If music is the expression of a nation’s popular culture, whether adopted or not, one would expect the visuals that go with it to reflect that culture as well as the people that embody it, however, in Nigeria, this expectation doesn’t hold.
Close your eyes and call to mind popular Nigerian music videos of the moment. If you were true to yourself, you’d admit that these videos are very unfair to the Nigerian woman. Video after video, American copycat artiste name after another, all we see is the depiction of women as playthings, playthings that come with the money, the cars, the dope houses and the choice wines—a property that success acquires.

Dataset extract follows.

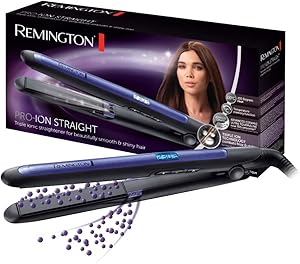 Remington Plancha Pelo tecnología iónica triple: menos encrespamiento y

This disrespect of women jars the nerves and grates like mad. More so because most of the so called Nigerian feminists, ever ready to cuss a Nigerian man out on social media, pretend not to notice this constant demeaning of the sex they purport to represent—I don’t want to believe they are okay with this.
Thinking about video vixens (who coined that phrase sef?) made me realise that most of them, at least the stars of the videos, look nothing like Funke, Elenu and Chidera—unless the trio are ‘mullato’ chicksrocking the Nigerian dream. The video vixens are increasingly looking like Vanessa, Tamara and Nadine. Asian, European and mix race girls are the rage. It seems Flavour, Dare, Wizkid, Banky W and the rest can’t fall in love unless the girl has a high percentage of Caucasian gene—except when they are lusting after girls with big ‘bakassi’.

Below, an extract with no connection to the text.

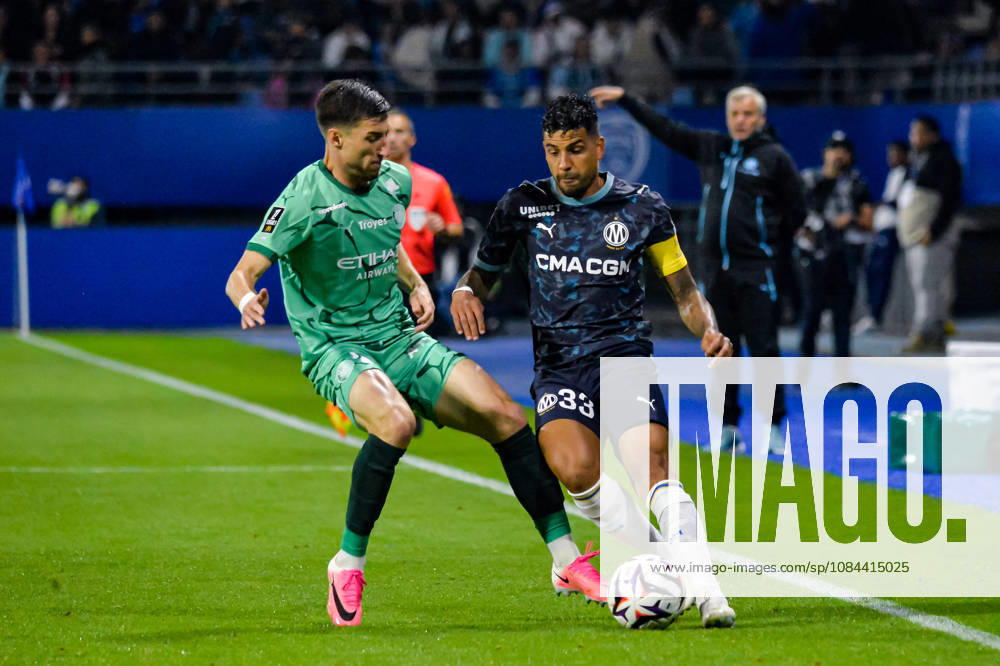 Emerson (OM) Antoine Mille (ESTAC Troyes)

I swear I will gag if I see more of these western compliant girls strut about half nude in another music video. Sheesh! The way this girls own music video after music video, someone who doesn’t know any better would think we have a large population of European types in Nigeria. Truth is, Nigeria is not East or South Africa. The mosquito and its brother malaria ensured we never had shiploads of Europeans coming to settle here during the colonial days. As such our half-castes are few and in-between and we love them to high heavens—perhaps because they remain a novelty, too few of them around, makes you wonder why they dominate our music videos.
Nigerian girls should be mad, but they are not, they are okay with playing supporting cast. These days they bleach their skin, starve themselves and wear the discarded hair of Brazilian, Asian and Caucasian girls to blend into image our recent popular culture imposes on them. They struggle to claim foreign accents and afford the once off visit to any country overseas to get the stamp of approval needed to wield those accents. These ladies represent the new-age Nigerian woman, the one that sees nothing wrong with the fact that those who shoot and direct music videos think that they are not beautiful enough to star in it beside their Naija brothers. They should be mad, but since the black woman is the most self-depreciating being created by God, they won’t see anything wrong there, it would just be another white girl dancing awkwardly to Flavour’s chant of ‘Baby Oku’. Yes, they would give a life to trade skins with that girl, and their menfolk agree—or why else would they chose the most European looking girl above them 9 times out of 10.